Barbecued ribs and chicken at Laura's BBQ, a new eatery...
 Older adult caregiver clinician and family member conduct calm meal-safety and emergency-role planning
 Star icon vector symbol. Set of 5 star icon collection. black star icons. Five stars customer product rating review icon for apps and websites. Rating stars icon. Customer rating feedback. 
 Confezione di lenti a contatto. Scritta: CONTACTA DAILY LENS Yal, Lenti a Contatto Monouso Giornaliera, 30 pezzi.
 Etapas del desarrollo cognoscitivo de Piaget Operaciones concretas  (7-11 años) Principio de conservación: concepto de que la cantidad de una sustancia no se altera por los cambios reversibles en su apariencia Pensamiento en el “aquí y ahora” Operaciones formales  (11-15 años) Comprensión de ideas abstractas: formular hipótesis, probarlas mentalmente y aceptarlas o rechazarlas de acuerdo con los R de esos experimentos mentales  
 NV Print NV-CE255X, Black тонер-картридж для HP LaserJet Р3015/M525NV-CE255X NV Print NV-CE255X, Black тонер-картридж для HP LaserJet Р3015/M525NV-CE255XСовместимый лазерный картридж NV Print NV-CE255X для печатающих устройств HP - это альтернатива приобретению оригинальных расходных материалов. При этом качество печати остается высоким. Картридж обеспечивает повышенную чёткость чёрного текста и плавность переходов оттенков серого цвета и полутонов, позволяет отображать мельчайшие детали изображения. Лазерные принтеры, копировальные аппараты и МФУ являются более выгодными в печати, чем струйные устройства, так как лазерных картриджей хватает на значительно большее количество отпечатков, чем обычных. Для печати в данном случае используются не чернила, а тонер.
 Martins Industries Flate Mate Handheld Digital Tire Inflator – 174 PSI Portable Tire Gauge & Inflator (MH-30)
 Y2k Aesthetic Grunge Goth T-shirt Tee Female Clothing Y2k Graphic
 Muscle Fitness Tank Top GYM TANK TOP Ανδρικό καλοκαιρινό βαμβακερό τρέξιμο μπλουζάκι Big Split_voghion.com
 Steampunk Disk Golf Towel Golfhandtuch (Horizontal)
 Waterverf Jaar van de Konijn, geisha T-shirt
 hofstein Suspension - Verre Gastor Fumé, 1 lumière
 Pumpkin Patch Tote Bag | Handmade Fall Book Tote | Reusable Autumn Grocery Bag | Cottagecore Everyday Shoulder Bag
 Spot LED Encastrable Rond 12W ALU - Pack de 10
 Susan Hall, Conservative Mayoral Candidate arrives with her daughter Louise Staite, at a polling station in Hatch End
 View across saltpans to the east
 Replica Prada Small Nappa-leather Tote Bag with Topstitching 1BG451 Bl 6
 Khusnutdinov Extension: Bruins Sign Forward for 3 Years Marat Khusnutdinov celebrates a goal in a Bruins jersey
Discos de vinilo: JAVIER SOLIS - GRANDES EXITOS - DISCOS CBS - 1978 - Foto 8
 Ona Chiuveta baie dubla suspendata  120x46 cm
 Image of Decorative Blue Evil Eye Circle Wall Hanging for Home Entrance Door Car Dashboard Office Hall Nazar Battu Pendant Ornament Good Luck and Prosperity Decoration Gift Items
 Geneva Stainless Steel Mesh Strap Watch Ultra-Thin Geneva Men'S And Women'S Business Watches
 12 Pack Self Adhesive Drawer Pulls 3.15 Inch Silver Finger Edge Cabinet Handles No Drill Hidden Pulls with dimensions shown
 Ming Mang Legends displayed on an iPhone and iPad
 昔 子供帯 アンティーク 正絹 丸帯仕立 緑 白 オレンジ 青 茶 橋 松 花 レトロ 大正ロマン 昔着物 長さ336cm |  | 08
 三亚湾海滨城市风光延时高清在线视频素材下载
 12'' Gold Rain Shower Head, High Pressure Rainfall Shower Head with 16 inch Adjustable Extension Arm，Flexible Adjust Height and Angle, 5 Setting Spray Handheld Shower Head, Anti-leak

------------------------------------------------------------------------

> Aim of the exercise
If a line in the material above contains the word "shirt", copy it.

> Result of this exercise
 Y2k Aesthetic Grunge Goth T-shirt Tee Female Clothing Y2k Graphic
 Waterverf Jaar van de Konijn, geisha T-shirt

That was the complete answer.